Rosa Canina Fruit Oil. May Contain +/-: Mica ●
TL;DR. This ingredient is an emollient botanical lipid used to soften skin, support barrier feel, and add slip in creams, balms, facial oils, and hair products. If the optional mineral component is present, it can add shimmer or visual opacity rather than skin-conditioning benefit.
What does Rosa Canina Fruit Oil. May Contain +/-: Mica do in a cosmetic formula?
This ingredient is an emollient botanical lipid used to soften skin, support barrier feel, and add slip in creams, balms, facial oils, and hair products. If the optional mineral component is present, it can add shimmer or visual opacity rather than skin-conditioning benefit.
Is Rosa Canina Fruit Oil. May Contain +/-: Mica clean?
From a clean-beauty perspective, it is generally well tolerated and not a common restricted-list concern. The main caveats are oxidation sensitivity and, when the optional mineral component is present, responsible traceability expectations.
Is Rosa Canina Fruit Oil. May Contain +/-: Mica sustainable?
This material is plant-derived and readily biodegradable, with a sourcing profile that can be strong when byproducts or responsibly harvested it are used. The optional mineral component is inert and not biodegradable, so supply-chain transparency matters more than biodegradation for that portion.
Is Rosa Canina Fruit Oil. May Contain +/-: Mica COSMOS-approved?
It is permitted under COSMOS-natural and COSMOS-organic when sourced and processed according to the standard, such as physical extraction and approved refining. It aligns well with Green Chemistry through renewable feedstock, low-complexity processing, and biodegradability, while the optional mineral component is generally allowed under mineral-ingredient rules with traceability controls.

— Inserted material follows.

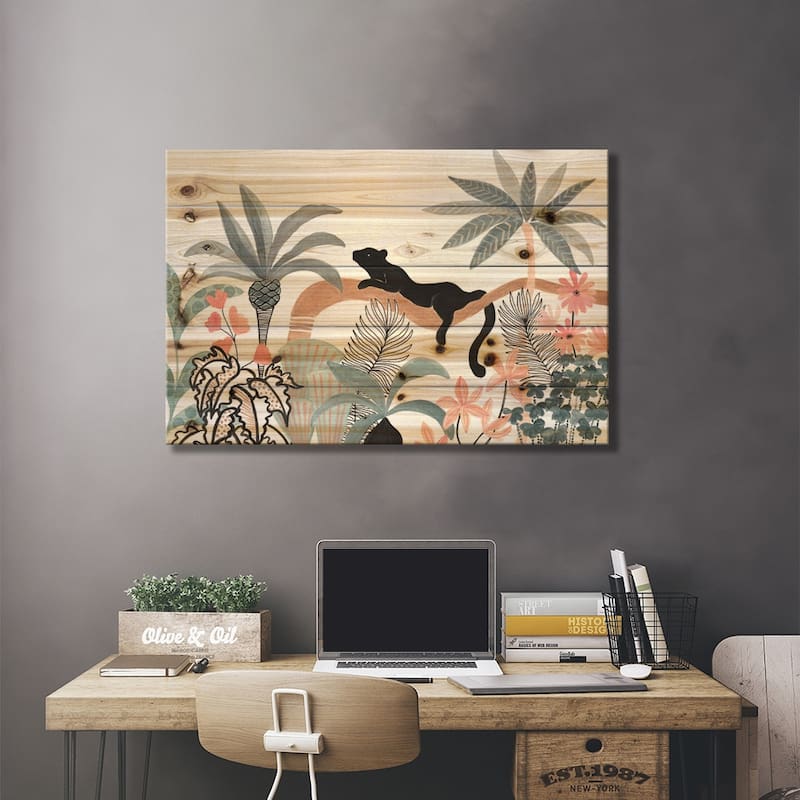 Jaguar In The Jungle Print On Wood by CreatingTaryn - Multi-Color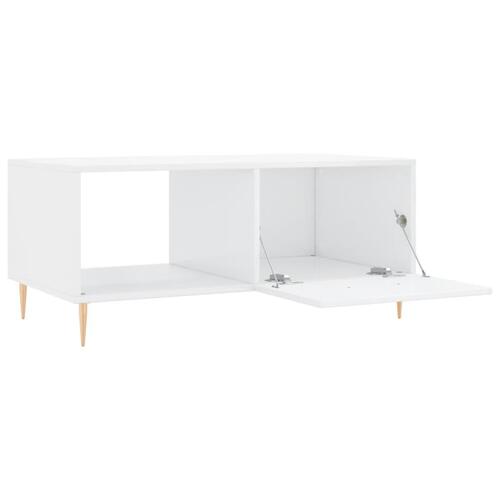 Sofabord 90x50x40 cm konstrueret træ hvid højglans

How does Rosa Canina Fruit Oil. May Contain +/-: Mica work chemically?
This ingredient is a triglyceride-rich oil with a high share of polyunsaturated fatty acids, especially linoleic and alpha-linolenic acids, plus minor unsaponifiables such as tocopherols and carotenoid-like compounds. It is commonly used around 0.5 to 10% in emulsions and up to 100% in anhydrous oils, and it benefits from antioxidants, low-heat processing, and opaque or air-limiting packaging because it oxidizes more readily than more saturated oils.